0
votes

i'm getting a limitation with cmdlet of Azure Datalake gen2:

https://docs.microsoft.com/en-us/azure/storage/blobs/data-lake-storage-directory-file-acl-powershell

I'm using this cmdlet:

Get-AzDataLakeGen2ChildItem -Context $ctx -FileSystem $filesystemName -Path $dirname -Recurse -FetchProperty

to get all file and folder ACL from root but it has 5000 object limitation and it show this message when i run it to a folder with more than 5000 object:

enter image description here

basically, with that token i can continue from the last extracted(manually is crazy to do becouse maybe we have million file on datalake).

Is possible to avoid it or to loop in some way?

Here the script that i'm using(it works fine, i don't report all file ma only folder from root):

    $dir = Get-AzDataLakeGen2ChildItem -Context $ctx -FileSystem "datalake" -Recurse -FetchProperty 


$FileOutdtk = "C:\Temp\file.csv"
Clear-Content $FileOutdtk

Add-Content $FileOutdtk ('"Path"^"IsDirectory"^"Owner"^"DisplayName Owner"^"Owner Permissions"^"Group"^"DefaultScope"^"AccessControlType"^"EntityId"^"DisplayName Gruppo"^"PermissionsACL"')

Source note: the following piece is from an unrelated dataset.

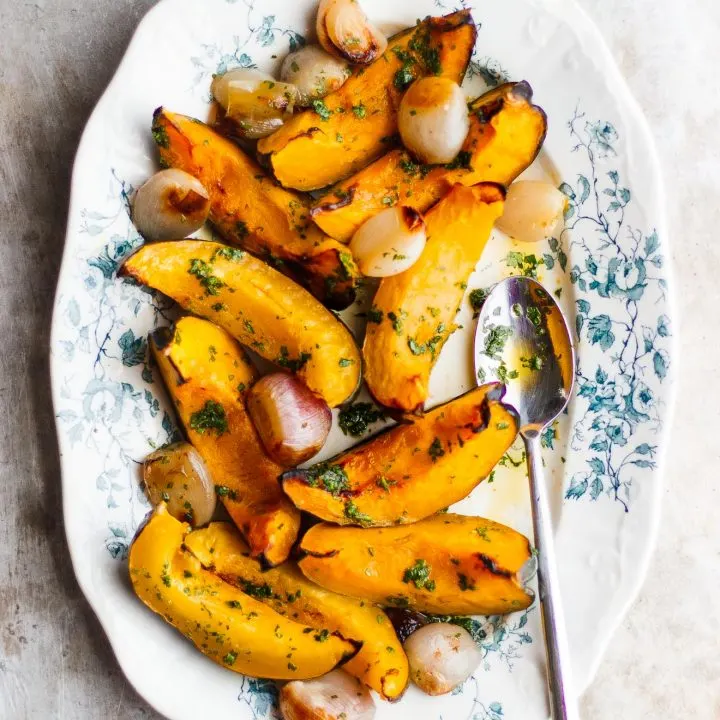 roasted acorn squash and shallots on a plate with a spoon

foreach ($directory in $dir) {  



           if($directory.IsDirectory -eq $true){
            if($directory.Owner -imatch "superuser"){


           foreach ($ACLs in $directory.ACL){


                    if($ACLs.EntityId -eq $null ){

                    Add-Content $FileOutdtk ('"' + $directory.Path + '^' + $directory.IsDirectory + '^' + $directory.Owner + '^' + "" +  '^' + $directory.Permissions.Owner + '^' + $directory.Group + '^' + $ACLs.DefaultScope + '^' + $ACLs.accesscontroltype + '^' + $ACLs.EntityId + '^' + "" + '^' + $ACLs.Permissions + '"')

                    }
                    else{
                    $GruppiEntityId = Get-AzureADGroup -ObjectId $ACLs.EntityId

                    Add-Content $FileOutdtk ('"' + $directory.Path + '^' + $directory.IsDirectory + '^' + $directory.Owner + '^' + "" + '^' + $directory.Permissions.Owner + '^' + $directory.Group + '^' + $ACLs.DefaultScope + '^' + $ACLs.accesscontroltype + '^' + $ACLs.EntityId + '^' + $GruppiEntityId.displayname + '^' + $ACLs.Permissions + '"')



             }

        }

How i can loop that cmdlet to get up to 5000 object?

Thanks a lot

1

1 Answers

1
votes

If you want to list all items in one Azure data lake gen2 folder, please refer to the following script

$storageAccount = Get-AzStorageAccount -ResourceGroupName "<>" -AccountName "<>"
$ctx = $storageAccount.Context

$fileSystem="test"
$dirName="testFolder"
$Token = $Null
$Max=2000
do{
  $items=Get-AzDataLakeGen2ChildItem -Context $ctx -FileSystem $fileSystem  -Path $dirName -Recurse -FetchProperty  -ContinuationToken $Token -MaxCount $Max
  $items
  if($items.Length -le 0) { Break;}
  $Token = $items[$items.Count -1].ContinuationToken;

}
While ($Token -ne $Null)